Exercice, appliquons cette analyse au cas de la bibliothèque de l'ENS. Quels sont ses problèmes et ses objectifs ? Elle est chroniquement sous-financée. Son fonds est considérable (pas de difficulté à ce niveau-là ), mais sous-entretenu (tous les volumes ne sont pas encore présents dans une base informatique, il faut aller chercher dans des classeurs papier, de nombreux volumes devraient partir à la reliure). Les places sont rares et étroites (je ne sais pas s'il y a un accès réseau sans fil). Certains usagers insistent sur son importance comme lieu de rencontre entre chercheurs (anciens élèves) et étudiants.
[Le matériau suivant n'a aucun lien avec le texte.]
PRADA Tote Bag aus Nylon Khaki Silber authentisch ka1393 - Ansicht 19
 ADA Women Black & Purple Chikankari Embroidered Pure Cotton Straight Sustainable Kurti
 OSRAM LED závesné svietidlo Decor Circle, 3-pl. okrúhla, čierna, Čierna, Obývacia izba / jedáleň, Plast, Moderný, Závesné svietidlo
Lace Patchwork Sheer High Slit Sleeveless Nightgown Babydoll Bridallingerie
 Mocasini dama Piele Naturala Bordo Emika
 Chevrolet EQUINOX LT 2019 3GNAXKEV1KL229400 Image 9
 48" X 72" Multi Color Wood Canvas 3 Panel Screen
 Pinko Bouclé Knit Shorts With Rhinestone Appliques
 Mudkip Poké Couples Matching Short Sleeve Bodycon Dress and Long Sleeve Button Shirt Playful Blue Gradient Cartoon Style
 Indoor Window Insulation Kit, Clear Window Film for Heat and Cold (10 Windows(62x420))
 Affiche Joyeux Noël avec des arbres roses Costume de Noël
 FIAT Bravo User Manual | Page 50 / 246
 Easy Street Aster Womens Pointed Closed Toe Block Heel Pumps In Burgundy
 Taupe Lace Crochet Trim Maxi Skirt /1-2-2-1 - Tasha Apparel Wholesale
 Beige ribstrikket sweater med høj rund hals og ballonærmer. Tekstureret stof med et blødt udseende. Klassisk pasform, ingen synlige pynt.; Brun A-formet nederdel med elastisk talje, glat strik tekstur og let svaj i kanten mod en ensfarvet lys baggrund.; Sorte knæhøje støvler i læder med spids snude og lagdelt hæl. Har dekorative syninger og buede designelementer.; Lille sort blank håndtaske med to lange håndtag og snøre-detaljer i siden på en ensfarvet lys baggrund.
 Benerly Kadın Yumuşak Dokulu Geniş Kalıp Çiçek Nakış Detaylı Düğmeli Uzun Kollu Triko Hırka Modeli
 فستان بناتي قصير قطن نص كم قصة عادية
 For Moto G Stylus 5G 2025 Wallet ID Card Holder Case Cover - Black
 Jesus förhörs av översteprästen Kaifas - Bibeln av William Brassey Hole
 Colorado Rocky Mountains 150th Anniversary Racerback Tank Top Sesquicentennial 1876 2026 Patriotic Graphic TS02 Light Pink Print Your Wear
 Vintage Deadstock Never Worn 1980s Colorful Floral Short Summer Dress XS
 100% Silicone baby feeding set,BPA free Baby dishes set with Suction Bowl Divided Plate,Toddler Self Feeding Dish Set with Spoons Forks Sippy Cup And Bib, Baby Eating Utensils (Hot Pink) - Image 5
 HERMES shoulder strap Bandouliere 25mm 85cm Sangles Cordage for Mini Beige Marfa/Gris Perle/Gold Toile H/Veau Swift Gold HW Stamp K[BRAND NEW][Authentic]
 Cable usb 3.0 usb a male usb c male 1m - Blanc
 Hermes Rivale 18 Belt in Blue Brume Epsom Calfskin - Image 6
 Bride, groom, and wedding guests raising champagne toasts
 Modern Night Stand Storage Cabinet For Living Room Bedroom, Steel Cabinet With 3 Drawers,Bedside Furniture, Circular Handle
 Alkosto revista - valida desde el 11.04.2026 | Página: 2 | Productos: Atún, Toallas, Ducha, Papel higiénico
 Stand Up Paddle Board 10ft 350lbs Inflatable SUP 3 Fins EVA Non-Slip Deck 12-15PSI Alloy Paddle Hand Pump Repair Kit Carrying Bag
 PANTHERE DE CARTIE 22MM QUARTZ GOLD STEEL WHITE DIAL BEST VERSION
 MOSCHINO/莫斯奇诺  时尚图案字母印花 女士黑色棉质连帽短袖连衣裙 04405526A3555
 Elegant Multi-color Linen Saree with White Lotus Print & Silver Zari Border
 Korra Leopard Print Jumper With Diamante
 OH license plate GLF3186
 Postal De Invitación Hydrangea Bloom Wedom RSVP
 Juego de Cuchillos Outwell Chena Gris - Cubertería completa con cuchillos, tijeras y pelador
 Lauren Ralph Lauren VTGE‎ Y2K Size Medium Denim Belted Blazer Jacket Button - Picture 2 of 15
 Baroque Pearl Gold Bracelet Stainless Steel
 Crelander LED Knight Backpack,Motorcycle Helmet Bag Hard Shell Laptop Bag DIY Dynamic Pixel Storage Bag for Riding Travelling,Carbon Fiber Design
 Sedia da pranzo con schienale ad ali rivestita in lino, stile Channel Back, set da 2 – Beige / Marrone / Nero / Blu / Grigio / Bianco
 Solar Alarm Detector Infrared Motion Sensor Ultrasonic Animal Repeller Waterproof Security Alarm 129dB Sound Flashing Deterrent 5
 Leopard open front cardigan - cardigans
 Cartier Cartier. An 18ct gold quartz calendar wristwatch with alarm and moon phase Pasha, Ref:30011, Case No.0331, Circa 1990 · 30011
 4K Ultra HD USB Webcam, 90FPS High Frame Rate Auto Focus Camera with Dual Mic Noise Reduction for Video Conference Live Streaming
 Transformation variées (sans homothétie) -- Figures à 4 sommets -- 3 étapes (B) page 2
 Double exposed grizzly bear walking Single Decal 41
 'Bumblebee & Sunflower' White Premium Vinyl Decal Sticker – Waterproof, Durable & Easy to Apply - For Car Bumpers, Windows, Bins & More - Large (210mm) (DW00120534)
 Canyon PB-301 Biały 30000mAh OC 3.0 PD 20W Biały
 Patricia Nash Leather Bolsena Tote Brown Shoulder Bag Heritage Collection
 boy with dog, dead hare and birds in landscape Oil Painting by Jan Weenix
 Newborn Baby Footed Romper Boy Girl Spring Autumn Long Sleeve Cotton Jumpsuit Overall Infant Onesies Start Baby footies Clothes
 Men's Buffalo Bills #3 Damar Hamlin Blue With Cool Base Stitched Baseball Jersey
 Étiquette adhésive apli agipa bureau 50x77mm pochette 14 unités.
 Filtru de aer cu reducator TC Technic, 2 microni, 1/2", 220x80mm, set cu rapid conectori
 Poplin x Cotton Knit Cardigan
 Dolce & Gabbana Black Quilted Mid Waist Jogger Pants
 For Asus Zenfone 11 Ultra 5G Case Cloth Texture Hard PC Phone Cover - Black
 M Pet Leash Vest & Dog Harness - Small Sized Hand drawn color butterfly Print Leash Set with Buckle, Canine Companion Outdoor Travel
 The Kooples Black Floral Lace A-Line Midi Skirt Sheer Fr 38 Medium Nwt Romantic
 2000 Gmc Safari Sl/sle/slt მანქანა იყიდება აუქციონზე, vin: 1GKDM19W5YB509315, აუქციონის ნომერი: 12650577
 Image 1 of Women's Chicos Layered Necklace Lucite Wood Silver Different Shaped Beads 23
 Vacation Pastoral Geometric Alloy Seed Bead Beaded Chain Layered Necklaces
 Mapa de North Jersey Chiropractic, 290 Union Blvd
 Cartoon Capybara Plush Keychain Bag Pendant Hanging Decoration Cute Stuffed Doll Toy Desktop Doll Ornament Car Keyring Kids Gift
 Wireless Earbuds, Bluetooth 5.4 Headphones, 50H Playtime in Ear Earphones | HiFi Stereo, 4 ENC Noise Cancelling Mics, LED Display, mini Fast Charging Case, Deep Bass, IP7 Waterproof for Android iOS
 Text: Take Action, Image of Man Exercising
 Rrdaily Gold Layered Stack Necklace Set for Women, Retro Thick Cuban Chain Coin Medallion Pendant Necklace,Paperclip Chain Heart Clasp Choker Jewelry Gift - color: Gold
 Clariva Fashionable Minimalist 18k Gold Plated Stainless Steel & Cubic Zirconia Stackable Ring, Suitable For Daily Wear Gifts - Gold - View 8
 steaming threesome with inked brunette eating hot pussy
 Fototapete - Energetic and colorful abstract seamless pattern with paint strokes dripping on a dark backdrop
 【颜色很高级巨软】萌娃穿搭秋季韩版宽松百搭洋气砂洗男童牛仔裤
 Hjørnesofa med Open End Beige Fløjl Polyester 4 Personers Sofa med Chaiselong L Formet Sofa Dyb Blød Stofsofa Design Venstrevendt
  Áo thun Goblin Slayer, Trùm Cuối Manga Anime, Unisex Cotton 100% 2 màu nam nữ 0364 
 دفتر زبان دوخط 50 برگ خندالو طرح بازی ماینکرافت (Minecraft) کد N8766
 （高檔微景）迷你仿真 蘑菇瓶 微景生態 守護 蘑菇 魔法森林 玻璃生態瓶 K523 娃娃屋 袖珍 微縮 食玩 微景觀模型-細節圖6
Cependant, elle est victime d'un fort taux de disparition. Enfin, ses horaires d'ouverture sont ridiculement réduits au regard des bibliothèques des grandes universités étrangères, en particulier en soirée.

Quelles seraient les conséquences de l'établissement d'un droit d'accès ? Certainement, il y aurait des retombées financières souhaitables. Ensuite, l'étude ci-dessus montre qu'on n'a pas à craindre de baisse de fréquentation, puisque l'éviction est faible, et d'autant plus réduite que la mise en place d'un droit d'accès s'accompagne d'une hausse de la qualité du service, qui ici pourrait immédiatement prendre la forme d'une augmentation des heures d'ouverture.